MLServer icon indicating copy to clipboard operation
MLServer copied to clipboard

Add support for nan values in PandasCodec

Open Pappol opened this issue 1 year ago • 7 comments

PandasCodec does not support null values well at all, the method can_encode is completely misleading by just checking if it is a dataframe.

Pappol avatar May 07 '24 12:05 Pappol

Thanks for raising this @Pappol

json serialization is wrong as well:

import pandas as pd
from mlserver.codecs.pandas import PandasCodec

df = pd.DataFrame({'foo': [None, 1.0]})
PandasCodec.encode_request(df).json()

serialized request:

{
    "parameters": {
        "content_type": "pd"
    },
    "inputs": [
        {
            "name": "foo",
            "shape": [
                2,
                1
            ],
            "datatype": "FP64",
            "data": [
                NaN,
                1.0
            ]
        }
    ]
}

btw, In case anyone else is facing the same issue, this is my quick-n-dirty way to handle it:

import pandas as pd
from mlserver.types import InferenceRequest

def replace_nan_with_none(inference_request: InferenceRequest) -> InferenceRequest:
    for i, _input in enumerate(inference_request.inputs):
        for ii, v in enumerate(_input.data.__root__):
            if pd.isna(v):
                inference_request.inputs[i].data.__root__[ii] = None
    return inference_request

sp1thas avatar Jun 13 '24 22:06 sp1thas

Main issue is with dates data types

Pappol avatar Jun 14 '24 04:06 Pappol

Hi @sp1thas -- Thanks for bringing this up and for showing your workaround.
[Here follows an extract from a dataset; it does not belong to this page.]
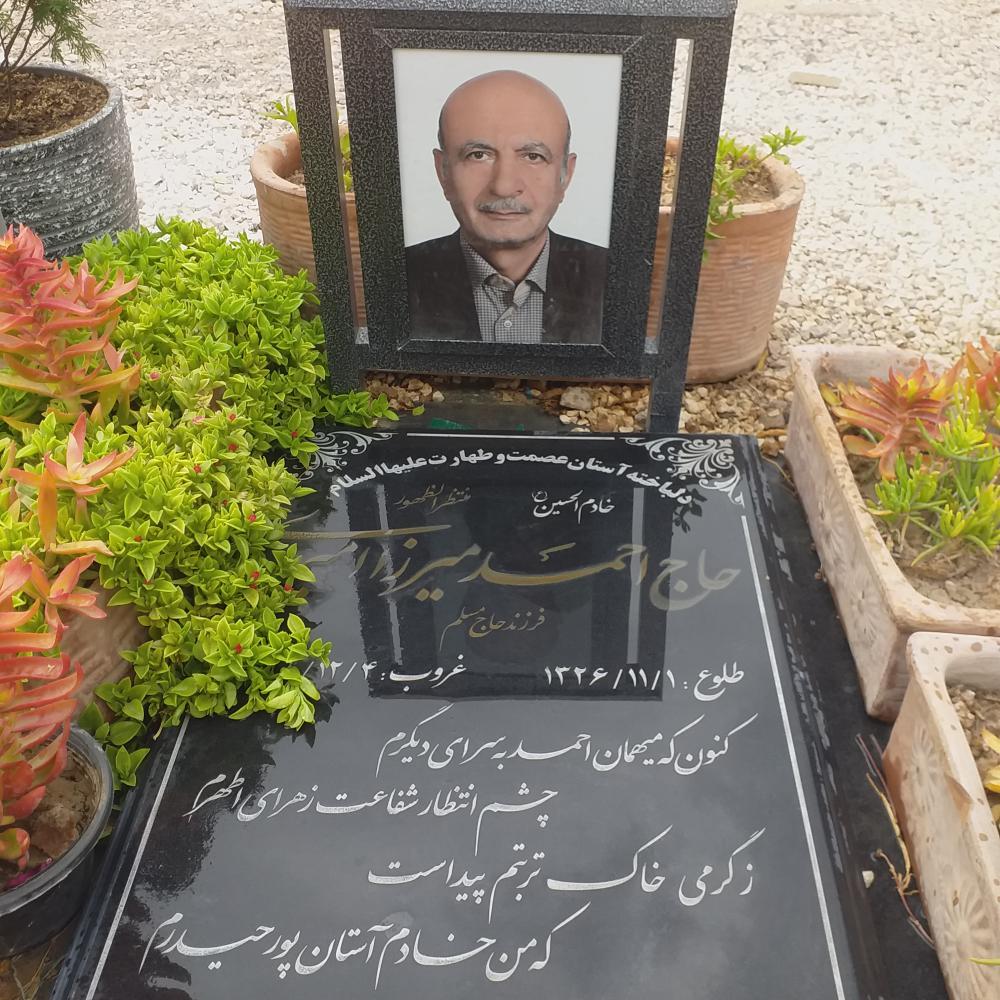 حاج احمد میرزاامیری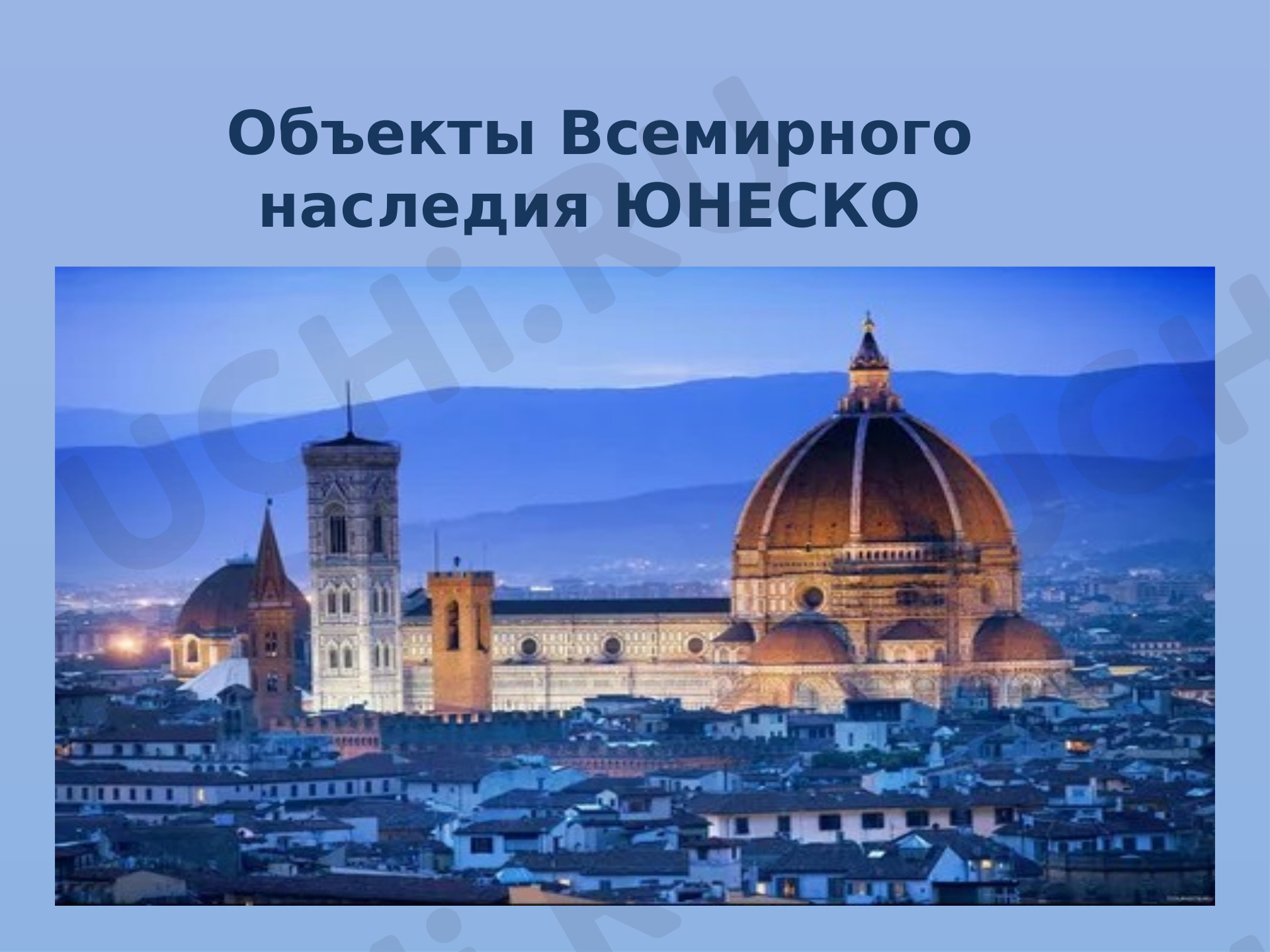 Предпросмотр материала Презентация к уроку окружающего мира по теме: Объекты Всемирного наследия ЮНЕСКО Европа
I will assign this to myself and have a look at what exactly is causing this.

@Pappol -- Do you have a reproducible example of the behaviour you are experiencing?

ramonpzg avatar Jul 24 '24 11:07 ramonpzg

Hey @ramonpzg , I've also took a look in the meanwhile and I've opened #1893 . Could you review it? Looking forward for your input.

sp1thas avatar Aug 28 '24 13:08 sp1thas

The serialization issue with np.nan is tackled since 1.4.0 and https://github.com/SeldonIO/MLServer/pull/1346 .

sp1thas avatar Sep 05 '24 18:09 sp1thas

The change only fixes the Problem with nan values. As soon you have any text data with None value it breaks: This problem occurs as soon as there is an attempt to pass any non-numeric values. For instance, I have a df that contains text values, some of which can be None. A fix would be to check for float values in mlserver/codecs/numpy.py row 109: if isinstance(val, float) and np.isnan(val)

bwallima avatar Oct 14 '24 12:10 bwallima

@bwallima many thanks for the comment, we welcome contributions to mlserver. Feel free to raise a PR with this change.

sakoush avatar Oct 23 '24 07:10 sakoush